Two different approaches can be used to deliver code and data from the list. The first essentially splits an application into chunks that will fit into an SPE. DMA is used to bring in the necessary code and working set data (Fig. 3). The SPE code may access other memory, but most of the data is loaded when the chunk starts. Data may be written back to main memory when the task is done. Often, the task runs to completion, and then the next chunk is loaded.
The chunking approach can be used to handle streams of data. For example, game programs typically process data for a display frame. This processing can be split into chunks, and the chunks are then distributed among the SPEs. A single frame may be broken up into more chunks than SPEs. Consequently, it's simply a matter of running the chunks through the SPEs at a rate fast enough to complete a frame in time to display it.
The other approach is similar to chunking, but either the code or data stays in place. For instance, an application applies the same algorithm to a stream of data. The code is loaded once into an SPE, and then data is moved in and out as it's processed. The flip side is a chunk of data that's transformed by some code and then another and another. Double-buffering reduces the amount of data or code that can be swapped, but it may improve efficiency.
This swapping approach was quite common in the past when memory was at a premium. Think back to Fortran COMMON statements or Basic program switching on mini computers.
Code and data can be pushed into SPEs or pulled in by code running on the SPEs. This type of software-based caching can vary significantly from one application to another, but it puts the control into the hands of programmers instead of the hardware. Huge benefits can be derived from software caching and SPE communication if the hardware is brought to bear on a problem. IBM optimized a ray tracing program that caches seven different kinds of data blocks among multiple SPEs. The end result: performance improved by almost an order of magnitude.
Of course, the goal of compiler designers like those at CodePlay is to automate the partitioning, swapping, etc. (see "C/C++ Compiler Targets Multicore Chips,"). The company's Sieve system targets platforms such as IBM's Cell, but it works equally well for SMP platforms (see "Going Multicore With Sieve").

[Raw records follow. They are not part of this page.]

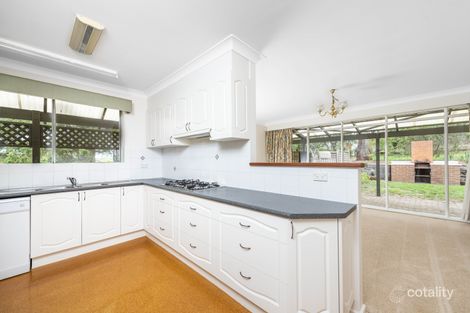 Property photo of 73 Fitchett Street Garran ACT 2605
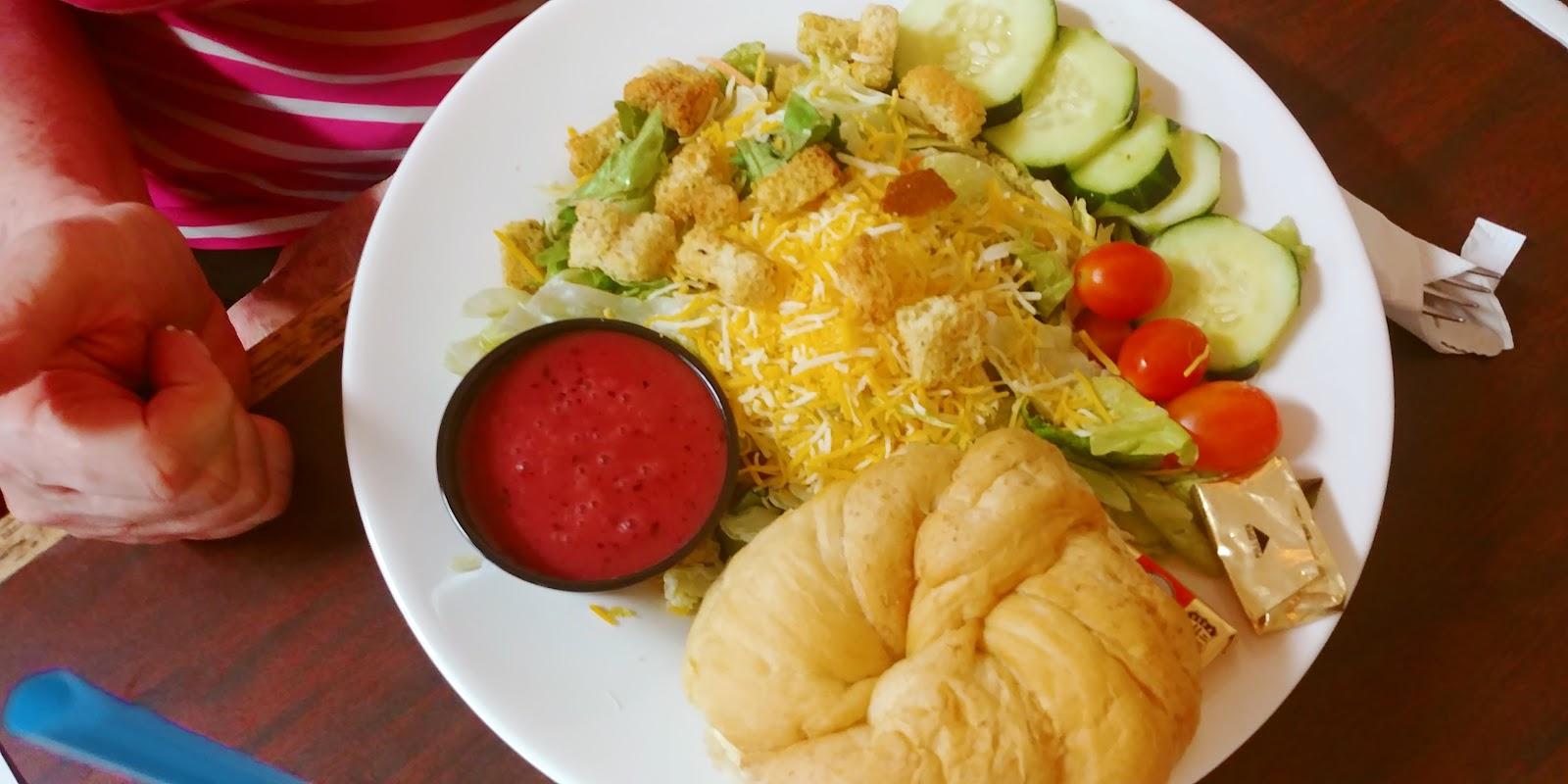 The Grille Restaurant menu in Tremonton, Utah, USA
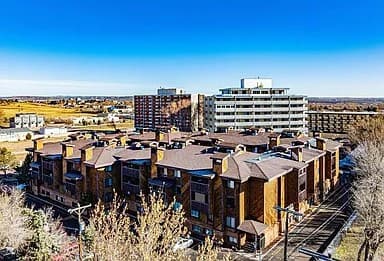 Condo Living near local attractions 5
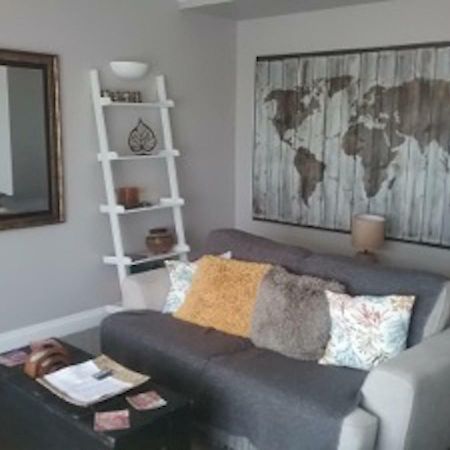 Apartament Whiterock Rocks !! Hastings Zewnętrze zdjęcie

The compiler hides the underlying differences. Conventional multithreaded programming tools remain useful, but there's always room for improvement (see "Multithreading: It's Not New!"). Middleware (e.g., OpenMP) usage will likely increase to take advantage of the greater processing power, especially with multiplayer games.
Both the Xbox 360 and PlayStation 3 incorporate additional acceleration features, especially within their respective GPUs. In both cases, though, it's a matter of balance to make optimum use of these features.